When We Belong became an independent charity in October 2019, it marked the end of a three-year journey to “spin out” from parent organisation Just for Kids Law. In its short existence, We Belong – formerly names Let Us Learn – had evolved from being a project aiming to remove barriers to higher education for young migrants to a standalone organisation campaigning on issues including a rise in immigration fees for children.

The National Council for Voluntary Organisations (NCVO)was funded by the Paul Hamlyn Foundation to evaluate We Belong’s separation from its parent charity so that others in the youth sector considering setting up an independent organisation could learn from what worked well and how challenges were overcome.

NCVO analysed documents and carried out interviews with senior officers at We Belong and Just for Kids Law in drawing up its findings and to develop key points for learning (see Key Learning, below).

Rationale for independence

From the word go, there was an understanding at Just for Kids Law and We Belong that the project would eventually become independent. The project had participation and co-production at its core, whereas community organising is not a focus of Just for Kids Law.

“Staff acknowledged this aspect of Let Us Learn’s work was likely to be better served by becoming independent,” the report states.

The mismatch between the aims of the project and ethos of the charity were highlighted in tensions between the ambition of We Belong to be youth led and the need to fit within an organisational governance structure. “Behind the scenes, young people weren’t making decisions; everything had to go through Just for Kids Law,” says Dami Makinde, co-founder of We Belong.

Organisers felt independence would transform the voice of young people in discussions with the wider immigration sector from one of “tokenism” to “occupying the space” so that their experiences could influence debate and decisions about the system. There were also funders that would only renew grants if the organisation spun out.

Leadership and skills

Just for Kids Law provided “invaluable” support in getting the project started and mentoring We Belong founders Chrisann Jarrett and Makinde. They had become “compelling spokespeople” for the project who by 2018 were “the go-to people on the question of youth and migration” and “supporting the incoming generation of young people with insecure migration status”, says one expert in the report.

Both had undertaken secondments and study trips to build their leadership skills and project management abilities, but required a further “intensive period of support and guidance” on charity operations, fundraising, finance and governance to take on the role of co-chief executive.

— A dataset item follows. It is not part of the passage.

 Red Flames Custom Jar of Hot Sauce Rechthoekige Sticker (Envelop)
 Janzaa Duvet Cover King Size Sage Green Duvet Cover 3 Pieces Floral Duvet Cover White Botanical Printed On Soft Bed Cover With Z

Support from a key funder during the two-year transition also helped Jarrett and Makinde develop the new organisation.

Host of challenges

The report shows that the relationship between We Belong and Just for Kids Law “was not always easy” during the transition process. Despite this, rigorous challenge from the charity’s board helped refine and improve We Belong as an organisation and strengthen its business plan.

“Previously close relationships were tested as the process of becoming independent took longer than initially expected and trustees scrutinised specific issues of We Belong’s [plans],” the report notes.

At a practical level, the evaluation identified that it was sometimes unclear who was responsible for “moving items forward or signing them off”.

There was also some confusion over the process for getting approval for the new charity to be created, which led to frustration among We Belong’s leadership over what was perceived to be “a lengthy and bureaucratic process”.

Practical issues

We Belong’s application for charity status took eight months to be approved due to a clarification sought over issues, including its charitable purpose, campaigning, safeguarding and selection of trustees. The evaluation notes this was a “stressful period” because its independent status rested on the outcome.

While the delays were frustrating, they provided extra time to consider operational practicalities of setting up, such as finding office space, human resources, finance and governance.

Another consequence of the lengthy transition process was the amount of time senior staff had to spend on creating We Belong and how this diverted them from project work.

“This meant day-to-day work had to be deprioritised during the move to independence… they were not able to maintain momentum in their engagement work with young people,” the evaluation states.


  • Start with why: Being clear about the reason We Belong needed to be independent helped sustain momentum through tricky periods in the process
  • Tap into advice: Having the support and mentoring of Just for Kids Law and outside experts was vital to the successful transition
  • Be prepared for setbacks: The process was more emotionally challenging than the parties expected. Managing this was vital
  • Prepare extensively: Meetings with trustees prior to board meetings put leaders in a strong position to answer questions from funders and trustees
  • Be a good host: It is vital the host organisation gives clarity on the decision-making processes to minimise the risk of tensions emerging; ensure key staff in the spun-out organisation receive the training needed; and be prepared to commit time and resources.